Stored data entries

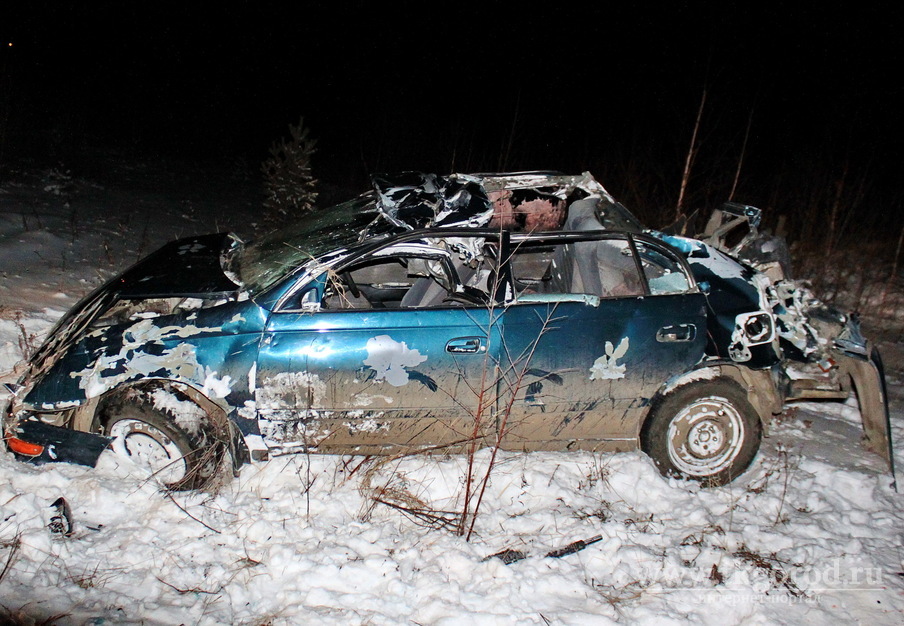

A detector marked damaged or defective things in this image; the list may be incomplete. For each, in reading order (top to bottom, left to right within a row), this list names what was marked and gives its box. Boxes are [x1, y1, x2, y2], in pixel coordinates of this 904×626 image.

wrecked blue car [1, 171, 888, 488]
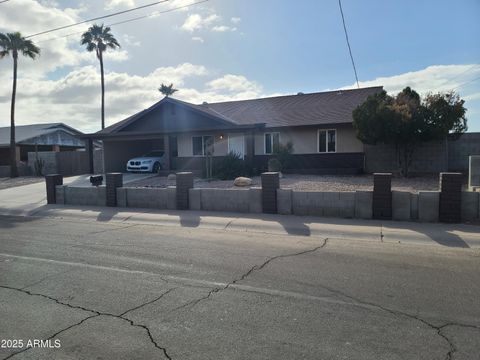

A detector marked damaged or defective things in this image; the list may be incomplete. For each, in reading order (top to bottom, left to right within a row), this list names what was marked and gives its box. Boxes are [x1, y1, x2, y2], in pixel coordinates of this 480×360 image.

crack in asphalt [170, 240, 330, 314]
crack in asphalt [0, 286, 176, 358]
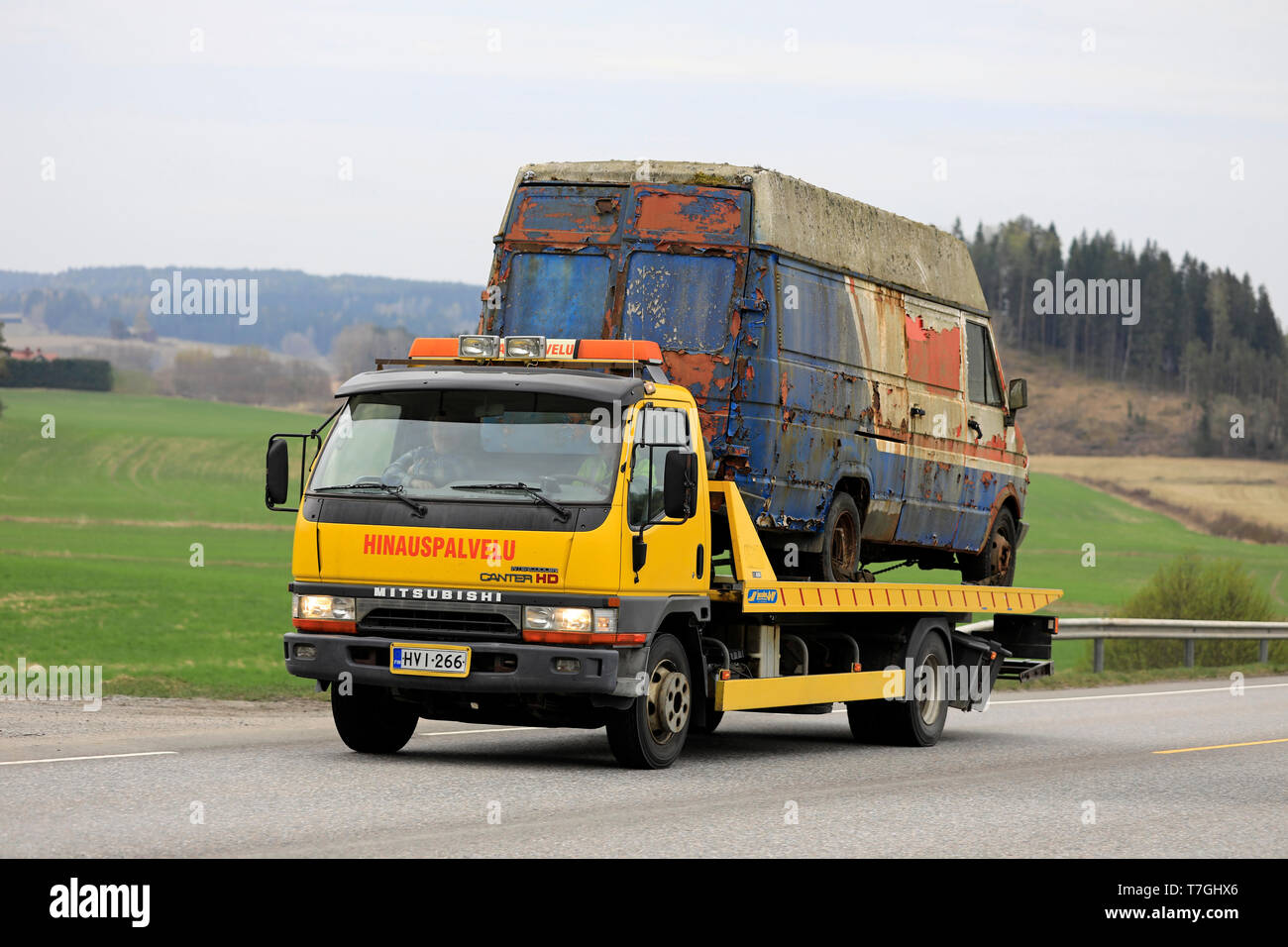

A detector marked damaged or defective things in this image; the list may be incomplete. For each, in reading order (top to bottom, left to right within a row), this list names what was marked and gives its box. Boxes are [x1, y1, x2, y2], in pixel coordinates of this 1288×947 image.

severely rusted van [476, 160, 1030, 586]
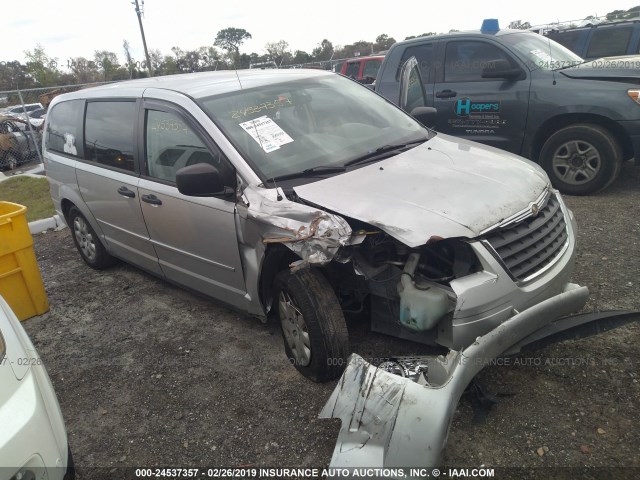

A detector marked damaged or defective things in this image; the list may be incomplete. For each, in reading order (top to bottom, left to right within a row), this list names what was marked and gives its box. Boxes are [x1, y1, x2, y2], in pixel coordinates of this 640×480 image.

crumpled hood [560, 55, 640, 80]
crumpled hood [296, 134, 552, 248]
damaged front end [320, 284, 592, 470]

§ **TASK**
Reproduce the line that contains "this 640×480 image." and each line after it through the last line of the entries above, exactly; leave out all earlier lines.

§ **WRITTEN REPLY**
A detector marked damaged or defective things in this image; the list may be incomplete. For each, in reading order (top to bottom, left to right within a row), this list names what was marked and gives its box. Boxes are [x1, y1, x2, y2], in pixel coordinates of this 640×480 image.

crumpled hood [560, 55, 640, 80]
crumpled hood [296, 134, 552, 248]
damaged front end [320, 284, 592, 470]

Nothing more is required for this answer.